In total, you should have 3 output files for task 2: drug-distribution.pdf, drug-performance.txt, and
drug-discussion.txt.
3
4 Deliverables
The submission of the mini-project will consist of 2 deliverables:
1. The code & the output files:
Submit all files necessary to run your code. If you used a Jupyter notebook, submit the .ipynb files;
otherwise submit the .py files.
Submit a readme.md which will contain specific and complete instructions on how to run your experiments. You do not need to submit the datasets. If the instructions in your readme file do not work,
are incomplete or a file is missing, you will not be given the benefit of the doubt.
Submit the 6 output files: bbc-distribution.pdf, bbc-performance.txt, bbc-discussion.txt and
drug-distribution.pdf, drug-performance.txt, drug-discussion.txt.
2. The demo (8 min presentation & Q/A)
You will have to demo your mini-project for ≈ 12 minutes. Regardless of the demo time, you will demo
the program that was uploaded as the official submission on or before the due date. The schedule of the
demos will be posted on Moodle. The demos will consist of 2 parts: a presentation ≈ 8 minutes and a Q/A
part (≈ 4 minutes). Note that the demos will be done via Zoom and will be recorded.

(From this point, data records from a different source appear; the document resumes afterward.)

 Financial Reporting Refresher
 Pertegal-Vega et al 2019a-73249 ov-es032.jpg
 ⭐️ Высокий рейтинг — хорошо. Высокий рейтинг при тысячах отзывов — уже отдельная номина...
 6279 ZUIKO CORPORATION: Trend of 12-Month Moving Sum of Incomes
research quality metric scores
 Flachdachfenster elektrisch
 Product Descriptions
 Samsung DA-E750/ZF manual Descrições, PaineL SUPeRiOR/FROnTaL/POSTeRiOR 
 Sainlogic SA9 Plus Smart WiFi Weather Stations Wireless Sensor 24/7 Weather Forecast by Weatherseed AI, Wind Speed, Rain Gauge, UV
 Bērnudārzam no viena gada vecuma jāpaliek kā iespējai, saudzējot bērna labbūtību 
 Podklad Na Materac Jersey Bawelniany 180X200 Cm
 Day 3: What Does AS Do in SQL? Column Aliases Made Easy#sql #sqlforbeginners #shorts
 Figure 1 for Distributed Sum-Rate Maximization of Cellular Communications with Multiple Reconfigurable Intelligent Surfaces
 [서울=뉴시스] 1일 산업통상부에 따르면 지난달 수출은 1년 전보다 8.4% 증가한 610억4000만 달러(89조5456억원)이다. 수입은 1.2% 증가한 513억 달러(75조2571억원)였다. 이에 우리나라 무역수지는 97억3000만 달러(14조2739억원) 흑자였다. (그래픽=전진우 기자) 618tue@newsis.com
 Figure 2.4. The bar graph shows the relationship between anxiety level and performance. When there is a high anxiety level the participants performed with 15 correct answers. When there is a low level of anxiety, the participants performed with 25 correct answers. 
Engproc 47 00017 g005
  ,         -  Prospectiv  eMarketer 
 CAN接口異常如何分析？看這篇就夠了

Prepare an 8-minute presentation to analyse and compare the performance of your models. The intended
audience of your presentation is your TAs. Hence there is no need to explain the theory behind the models.
Your presentation should focus on your work and the comparison of the performance of the models when
the hyper-parameters are modified.
Your presentation should contain at least the following:
An analysis of the initial dataset given on Moodle. If there is anything particular about these datasets
that might have an impact on the performance of some models, explain it.
An analysis of the results of all the models with the data sets. In particular, compare and contrast the
performance of each model with one another, and with the datasets. Please note that your presentation
must be analytical. This means that in addition to stating the facts (e.g. the macro-F1 has this value),
you should also analyse them (i.e. explain why some metric seems more appropriate than another, or
why your model did not do as well as expected. Tables, graphs and contingency tables to back up
your claims would be very welcome here.
In the case of team work, a description of the responsibilities and contributions of each team member.
Any material used for the presentation (slides, . . . ) must be uploaded on EAS before the due date.
After your presentation, your TA will proceed with a ≈ 4 minute question period. Each student will be
asked questions on the code/mini-project, and he/she will be required to answer the TA satisfactorily. In
particular, each member should know what each parameters that you experimented with represent and
their effect on the performance. Hence every member of team is expected to attend the demo.
In addition, your TA may give you a new dataset and ask you to train or run your models on this dataset.
The output file generated by your program will have to be uploaded on EAS during your demo.
4